> **WORK REQUIRED**
With the pictures left out, restate exactly the part below that opens with the line containing "TOYOTA Yaris 1.5 Trend e-CVT-image-10" and closes with the line containing "200 Scotia Drive, Unit".

> **INPUT MATERIAL**

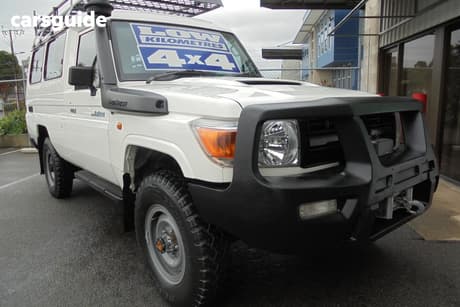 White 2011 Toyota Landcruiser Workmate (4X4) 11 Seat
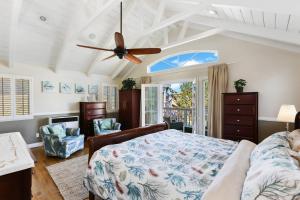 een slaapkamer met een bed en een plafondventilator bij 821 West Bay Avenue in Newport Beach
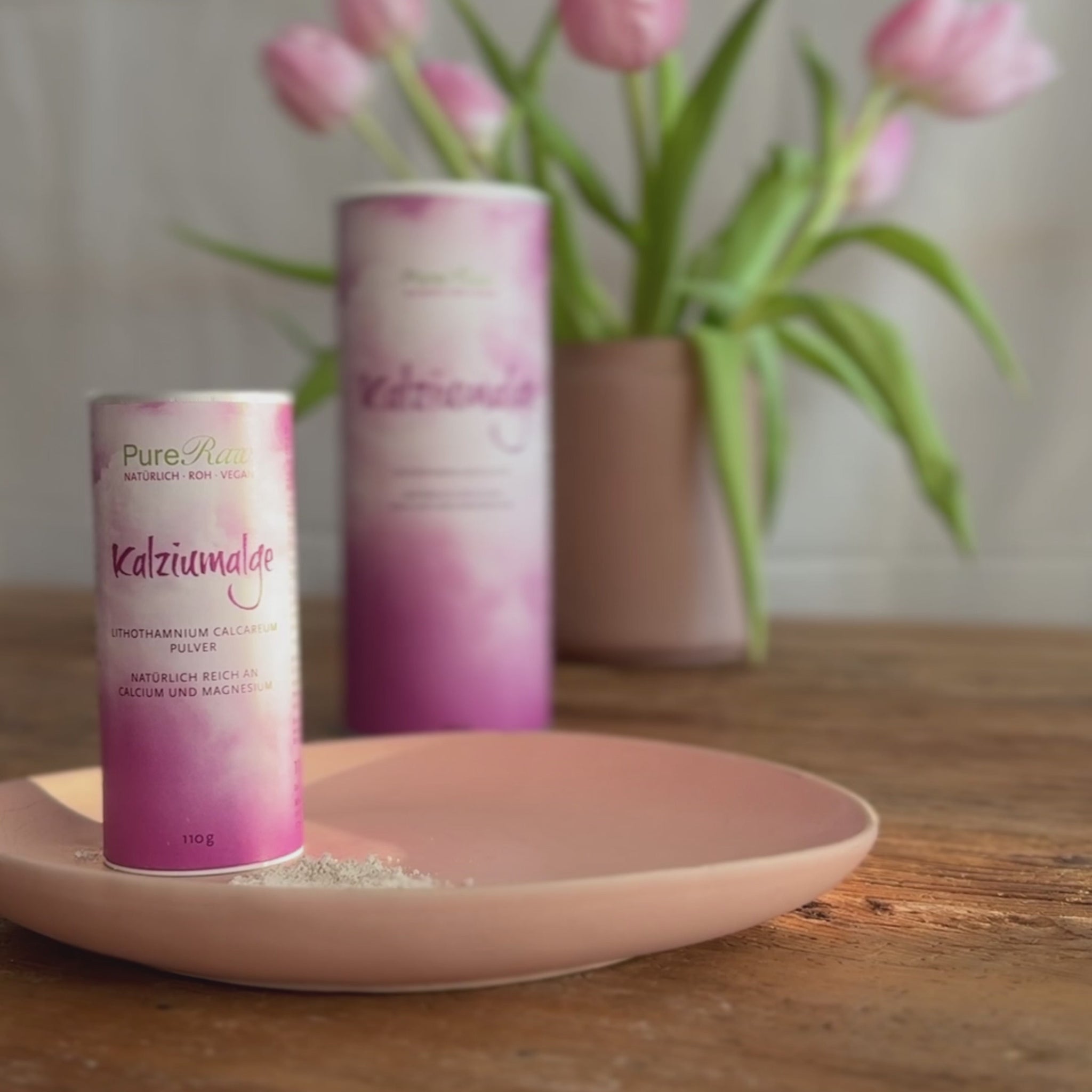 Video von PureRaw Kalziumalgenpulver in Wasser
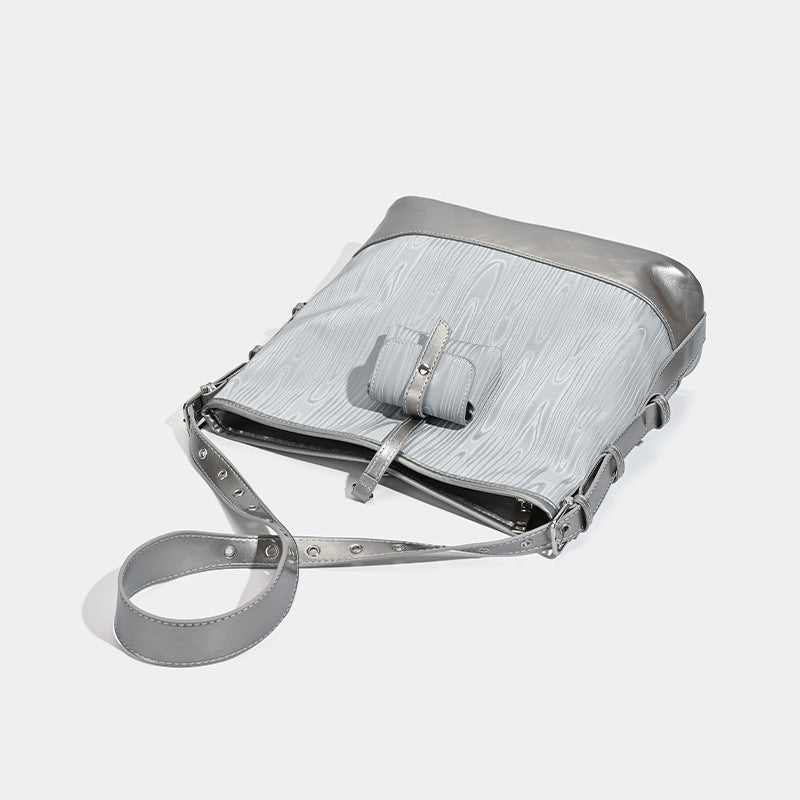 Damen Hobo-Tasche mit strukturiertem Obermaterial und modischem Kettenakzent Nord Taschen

...

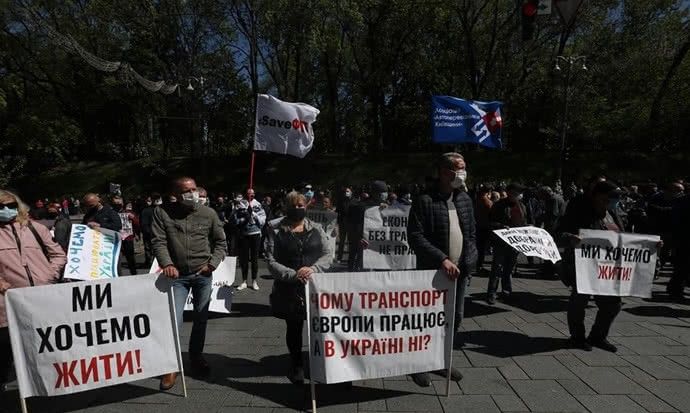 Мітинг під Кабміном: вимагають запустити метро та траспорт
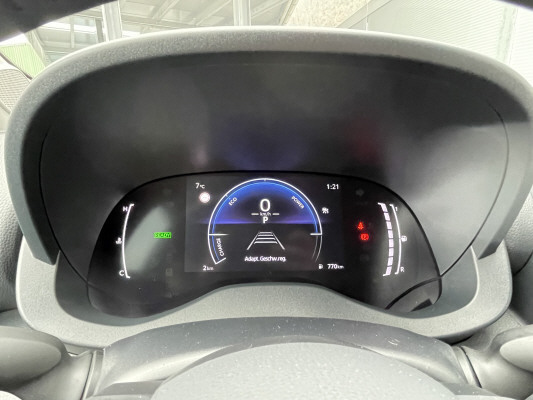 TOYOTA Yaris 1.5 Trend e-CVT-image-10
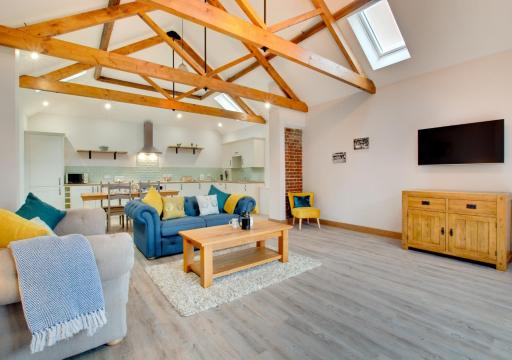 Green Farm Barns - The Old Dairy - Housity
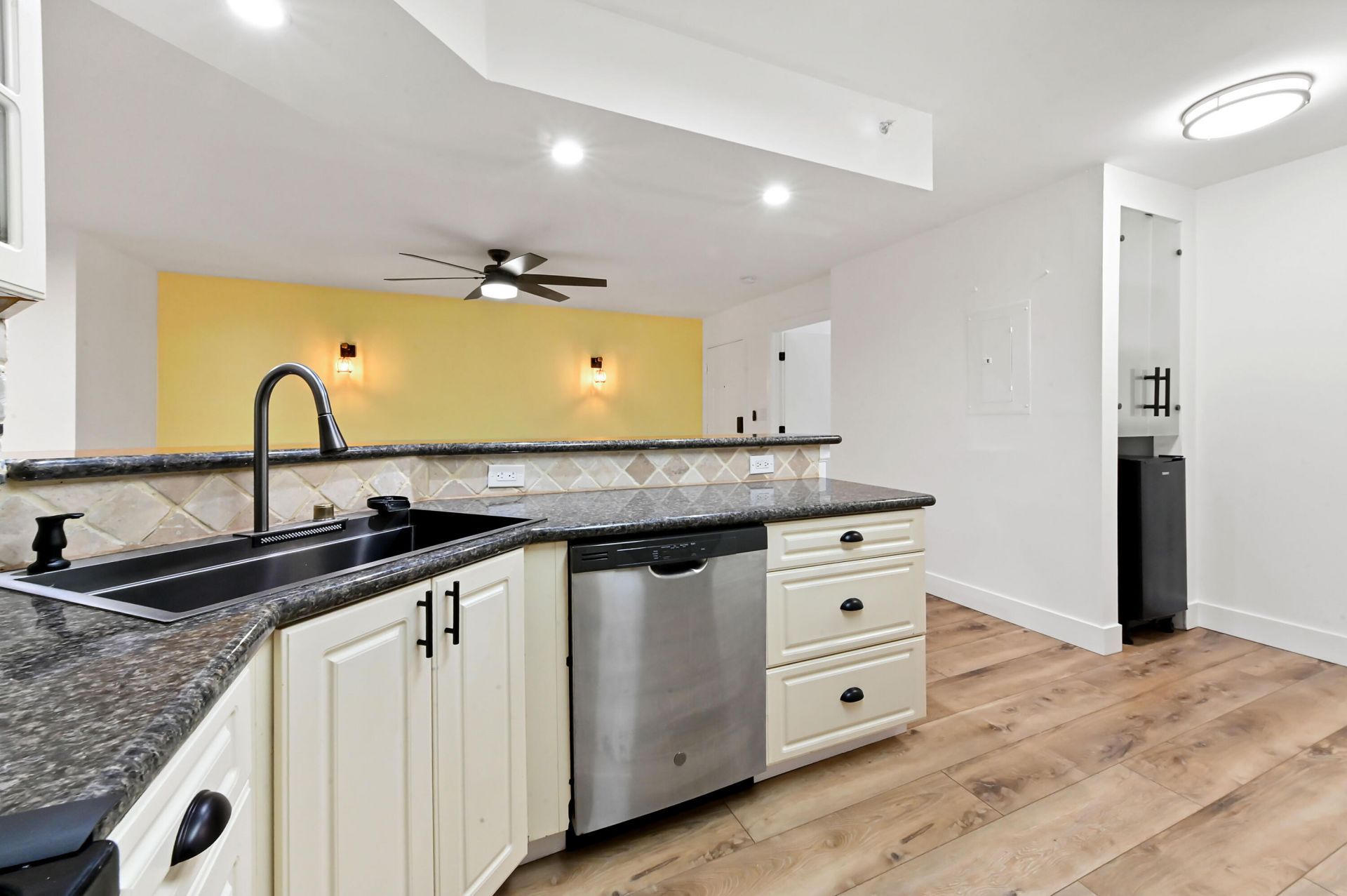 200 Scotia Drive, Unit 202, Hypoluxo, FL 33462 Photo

> **RESPONSE TO THIS TASK**
 TOYOTA Yaris 1.5 Trend e-CVT-image-10
 Green Farm Barns - The Old Dairy - Housity
 200 Scotia Drive, Unit 202, Hypoluxo, FL 33462 Photo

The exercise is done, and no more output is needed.